3.2. Base Case Simulation
The base case of SGTR scenario was simulated using MELCOR 2.1. Table 2 shows the accident sequences in base case. When the accident started, the primary coolant was transported to the secondary system. It increased the secondary pressure and decreased the RCS pressure. Then, a reactor trip occurred with MFW trip and MSIV closure. In this scenario, the AFW was assumed unavailable in the secondary system. Thus, a large amount of the steam was released into the environment through the MSSV. The RCP was stopped by cavitation after the reactor trip. The core was uncovered and heated because of loss of the coolant through the MSSV. As the primary water was depleted and the core water temperature increased, zircaloy in the fuel cladding was highly oxidized by the high temperature steam. During this oxidation process, substantial amount of oxidation heat was generated, which accelerated the core damage. Subsequently, the fuels were subjected to extremely high temperature condition and the reactor core started to melt down and relocate to the lower plenum of the RPV. Finally, RPV failure was predicted by the thermal attack of molten corium in the penetration location.
Figure 6 shows the primary and secondary system pressure. In the early state of the accident, RCS pressure decreased by coolant release through the tube rupture. Without safety injection, coolability of the core was not maintained. Thus, the core temperature increased and the RCS pressure increased despite tube rupture. The coolant was released continuously to the environment through the MSSV and the system pressure decreased with time. After RPV failure, the system pressure rapidly decreased by ejection of the corium and the coolant. The secondary side pressure reached 8.6 MPa, which is the MSSV open pressure. The valve was kept open until RPV failure and secondary pressure rapidly decreased only in broken SG. In the broken SG side, the coolant was released to the outside of the RCS through the tube rupture. Thus, the pressure quickly decreased at the time of RPV failure. However, no mass transfer occurs in the intact SG side and thus the pressure was maintained although the RPV failed.
The tendency of the accident progress in terms of the water level of the SGs and reactor core is shown in Figure 7. Following the SGTR event, the primary system water crossed over the secondary system and thereby the primary system water level decreased. Before the reactor trip, the water level of the broken SG was not decreased because the MFW was not tripped and the MSIV was not closed. However, the water level of the broken and intact SGs rapidly decreased after the MFW trip and corresponding MSSV open. When the water level of the broken SG was reached to the SGTR set point, the residual water in the U-tube and that in hot- and cold-leg were evaporated together. Therefore, a very gradual decrease in water level was observed in the broken SGs between 2.5 to 6 hrs before RPV failure. Although the duration of the gradual decrease in water level is different, a similar tendency was reported in Wang et al.’s study, which performed the SGTR analysis using RELAP5/MOD3.4 . Following the RPV failure, the reactor core water level decreased down to 0 m.

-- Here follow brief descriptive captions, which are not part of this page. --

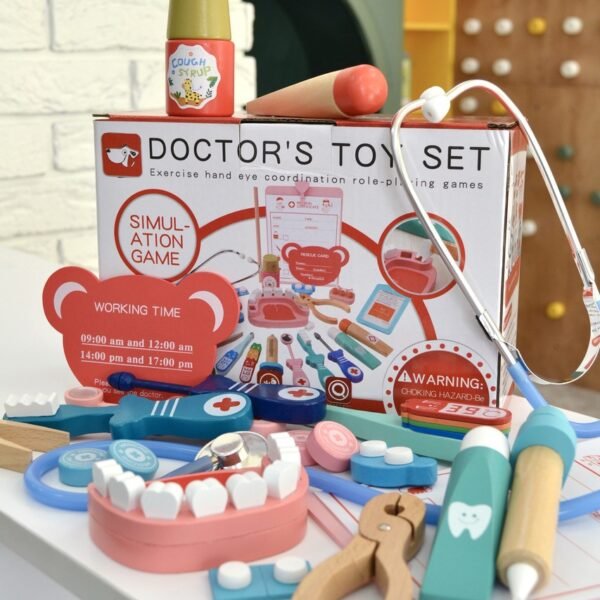 Kit docteur en bois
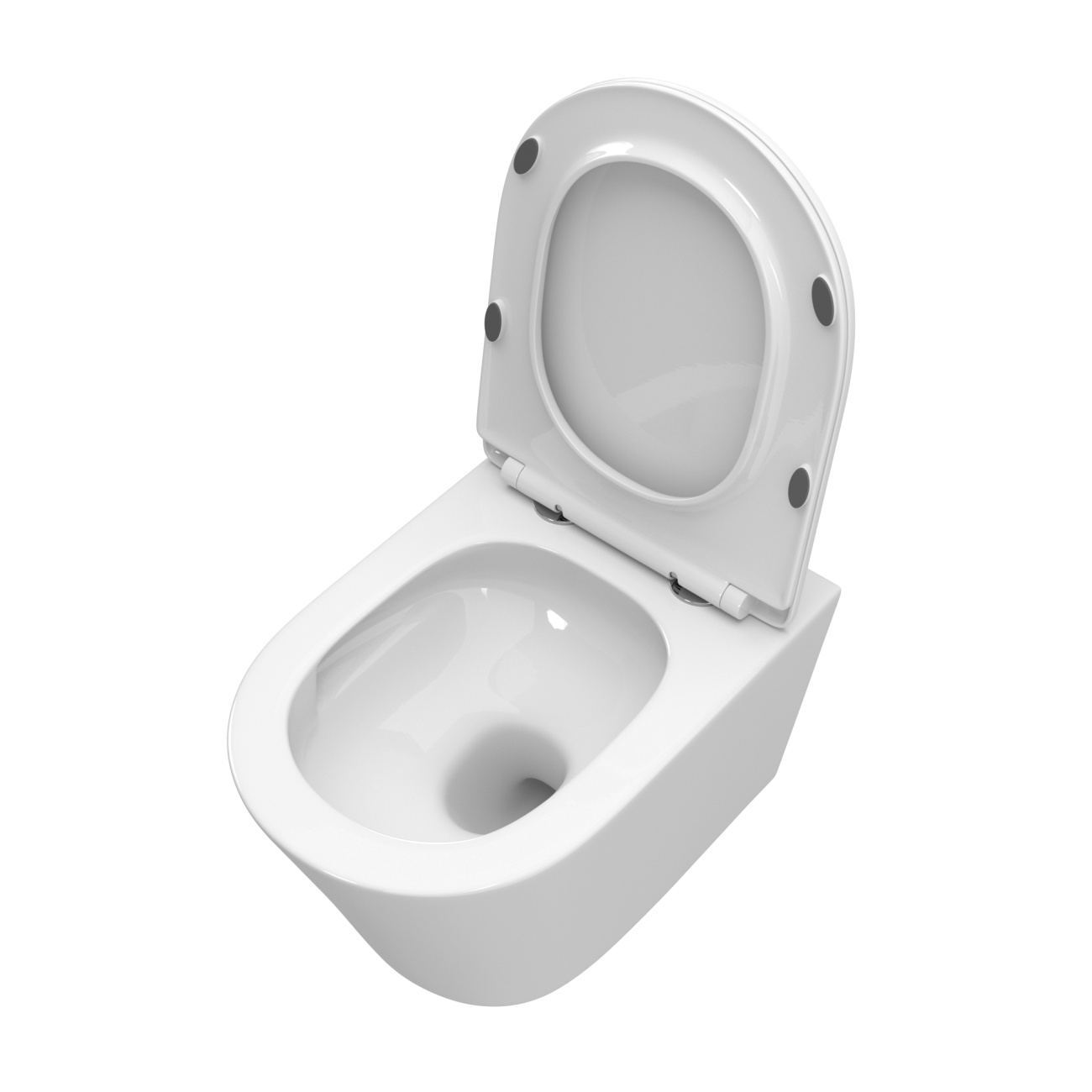 Унитаз подвесной BelBagno BB5180CH-TOR/SC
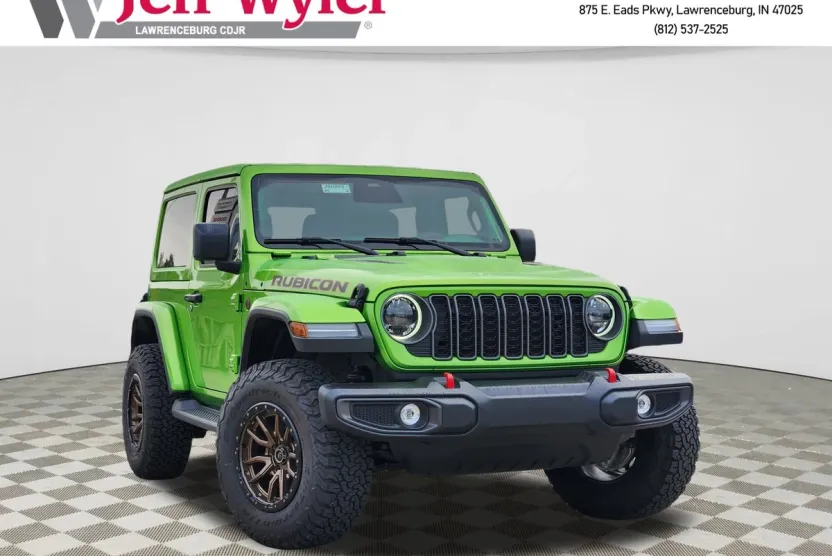 2025 Jeep Wrangler Rubicon Two-Door photo 1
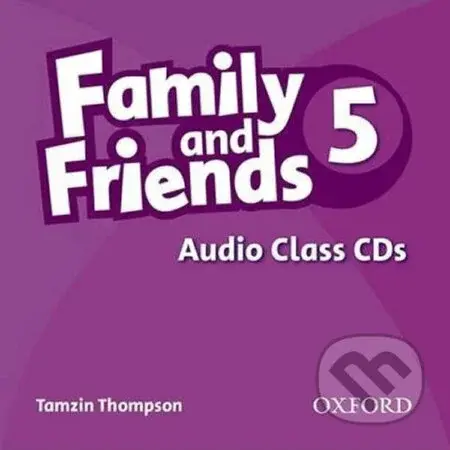 Family and Friends 5 - Class Audio CDs /2/ - Tamzin Thompson - audiokniha z kategorie 1. stupeň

As mentioned above, the steam of secondary system was released to the environment through MSSV. Figure 8 shows the released steam mass through MSSV in the base case. After MSSV opening due to overpressure of the secondary system, both SGs released steam to the environment. In the intact SG, the most steam was released earlier than in the broken SG. Because the pressure boundary was not broken in the intact SG, the water in the SG was dried out earlier than broken SG. After dryout, increase of the pressure by boiling did not occur anymore. So, the release of the steam was almost stopped at the SG dryout. On the other hand, the steam release through the broken SG continued due to inflow of the primary coolant through ruptured SG tube. The primary system was connected to the broken SG by ruptured SG tube. Thus, the broken SG received sufficient water from primary system until RPV failure. When the RPV failure occurred, a large amount of water and core debris were ejected outside of primary system. Because the pressure was quickly decreased at the time of RPV failure (Figure 6), the steam release through the broken SG was stopped.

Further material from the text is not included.